:: WORK TO BE COMPLETED ::
Give back every entry exactly; drop the pictures.

[Short descriptive text snippets]
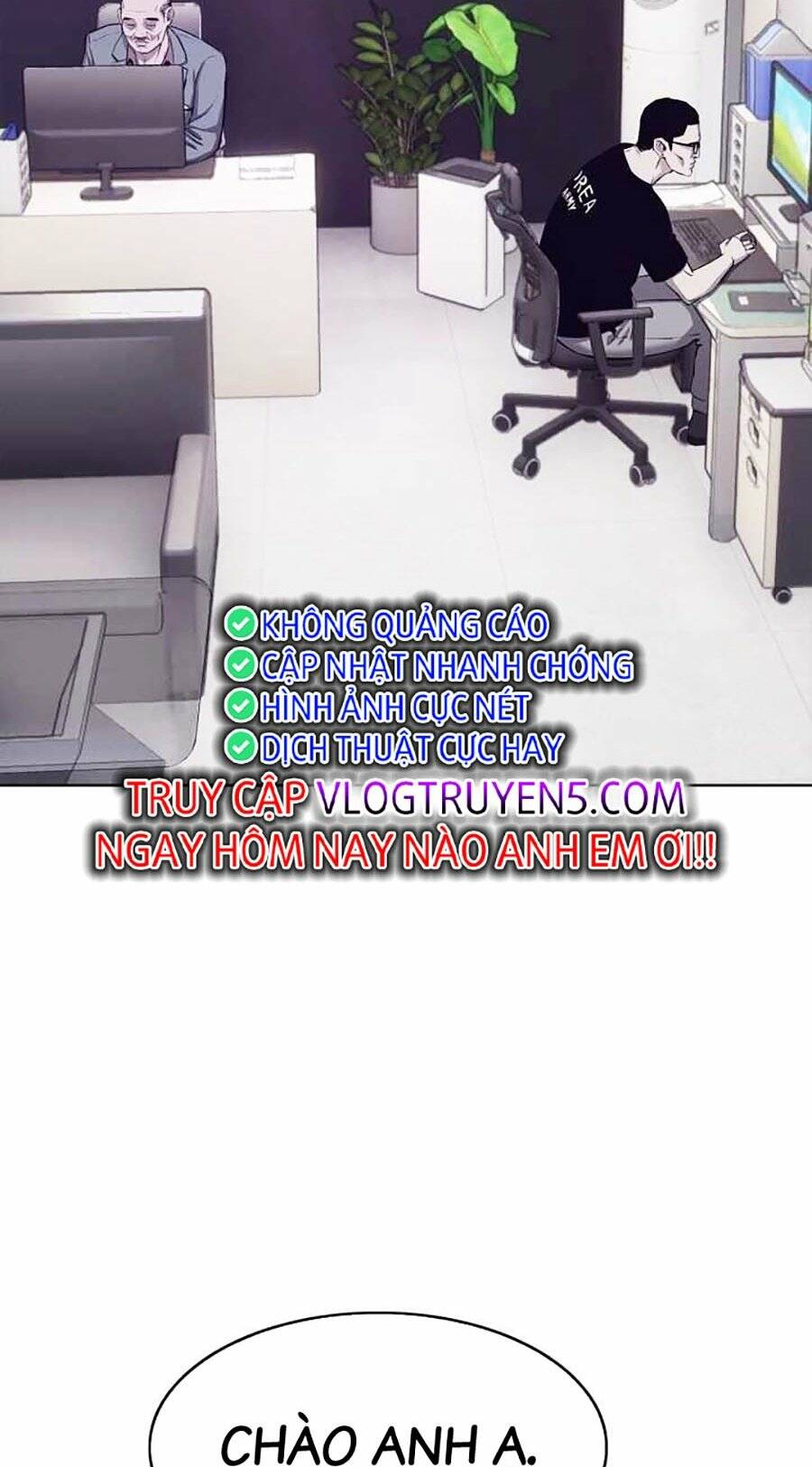 Loser Báo Thù Chương 25 Ảnh 20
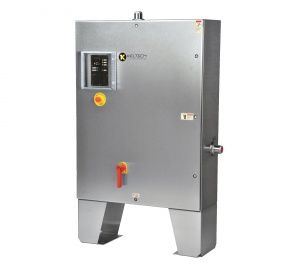 Keltech CN Series Tankless Water Heater - modlar.com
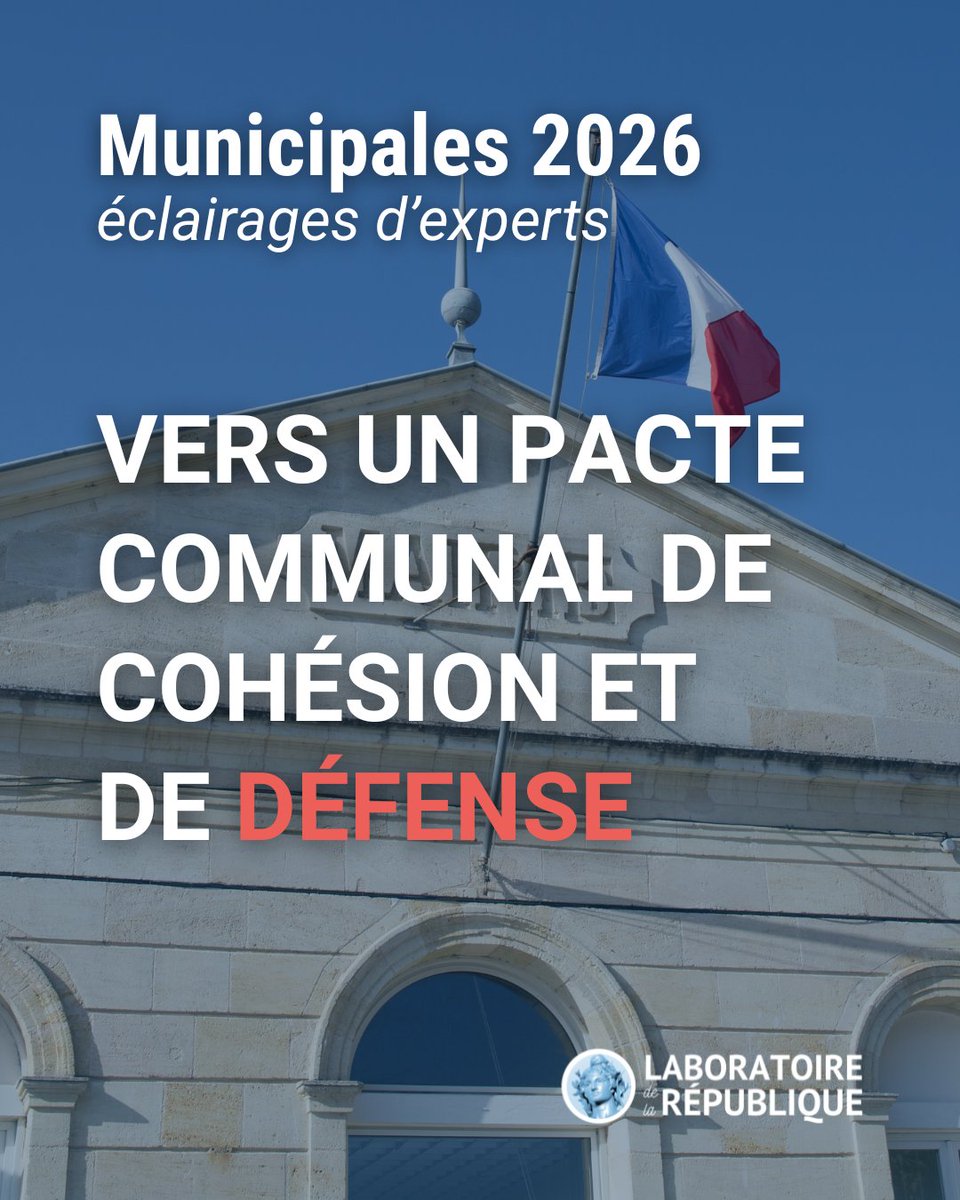 Le Laboratoire de la République tweet media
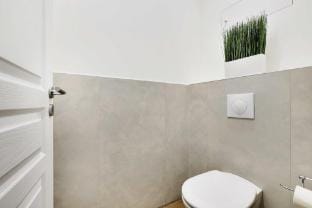 Superb apartment - 1BR 4P - Gare Montparnasse Hotel in Paris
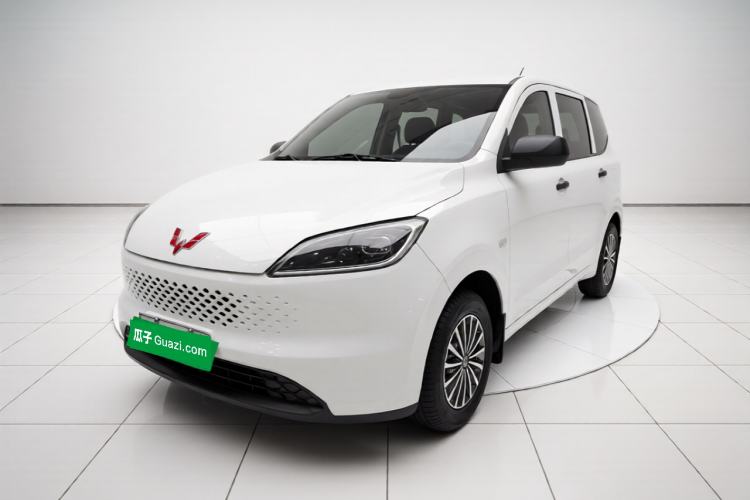 Wuling Hongguang New Energy 2025 Extended-Range Hybrid 50 km Standard Version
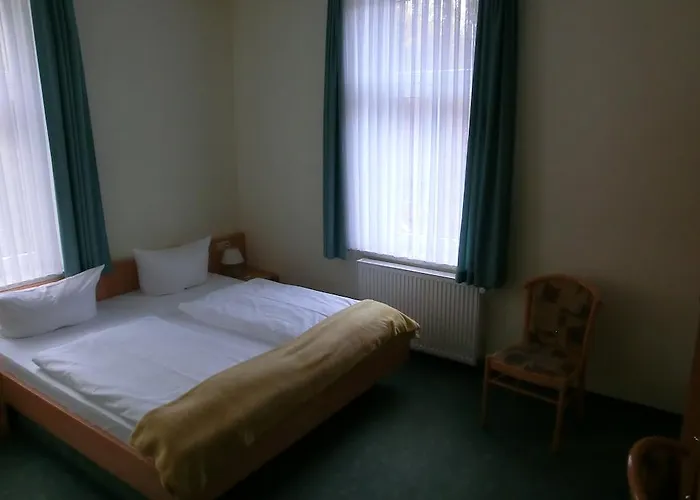 Garni Am Schlosspark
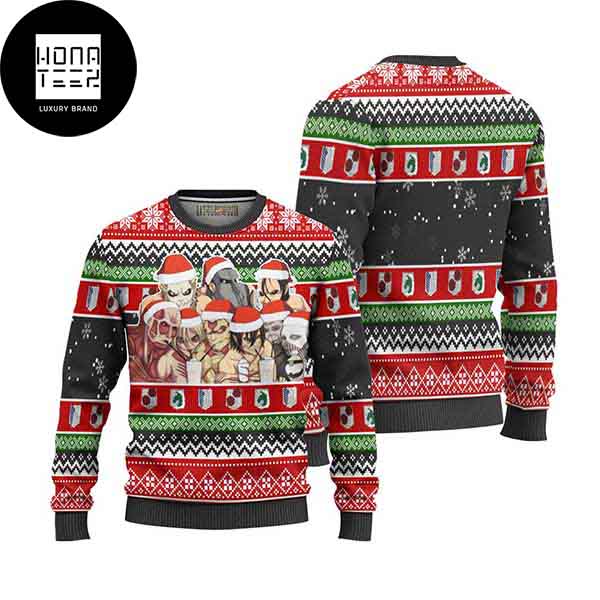 Titans sale ugly sweater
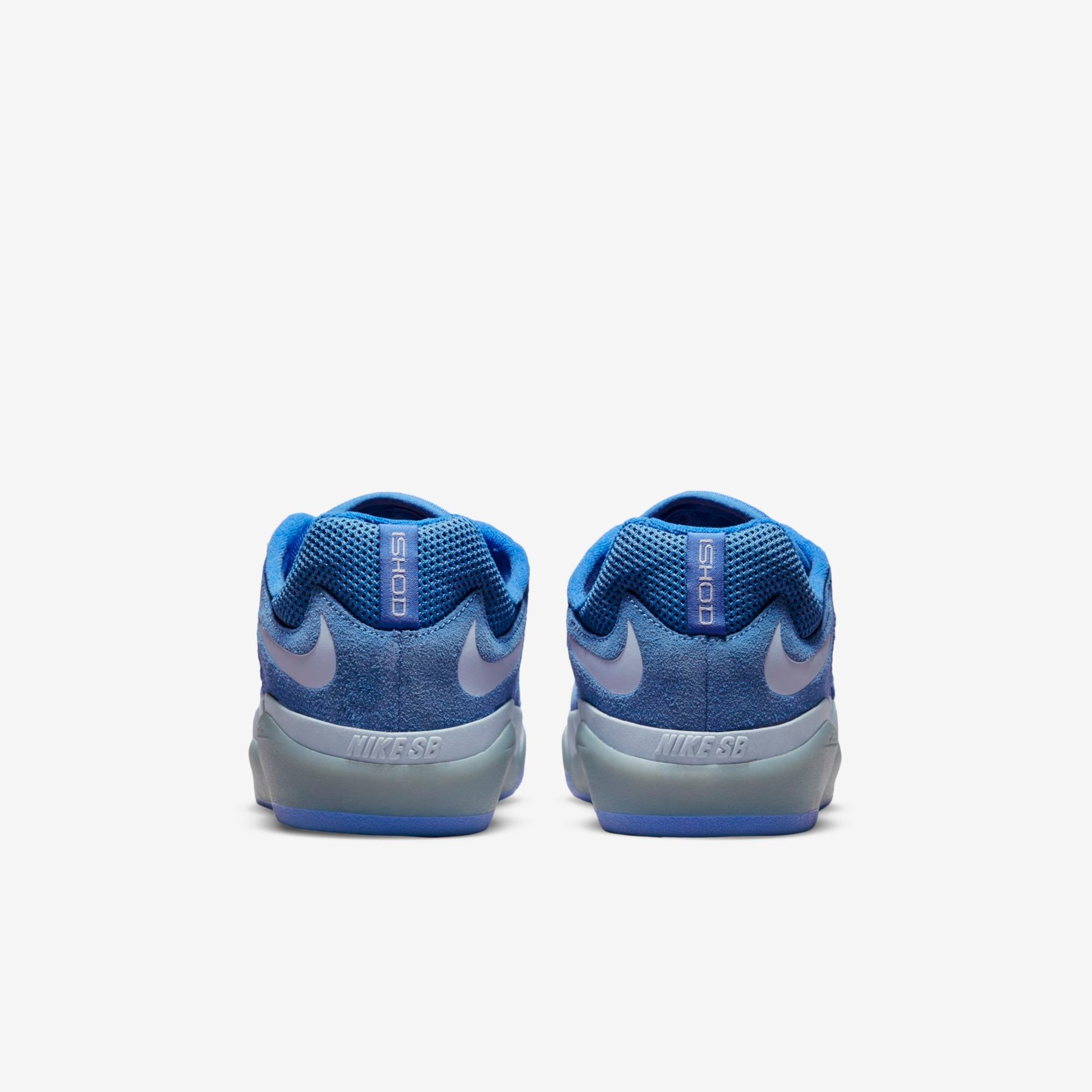 Tênis Nike SB Ishod Wair Masculino - Foto 6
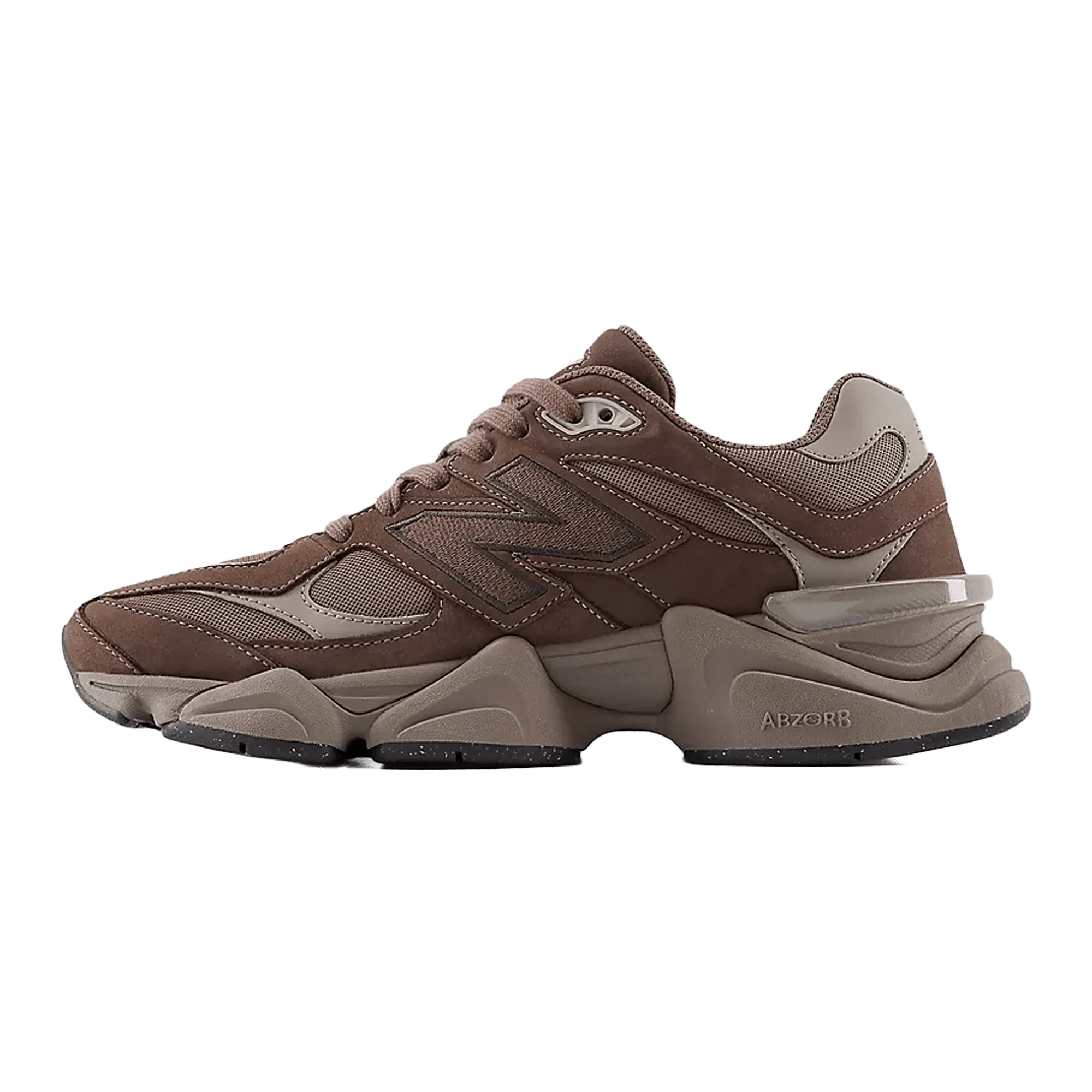 New Balance 9060 Mono Cortado - Bucharest Kicks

:: YOUR SOLUTION ::
 Loser Báo Thù Chương 25 Ảnh 20
 Keltech CN Series Tankless Water Heater - modlar.com
 Le Laboratoire de la République tweet media
 Superb apartment - 1BR 4P - Gare Montparnasse Hotel in Paris
 Wuling Hongguang New Energy 2025 Extended-Range Hybrid 50 km Standard Version
 Garni Am Schlosspark
 Titans sale ugly sweater
 Tênis Nike SB Ishod Wair Masculino - Foto 6
 New Balance 9060 Mono Cortado - Bucharest Kicks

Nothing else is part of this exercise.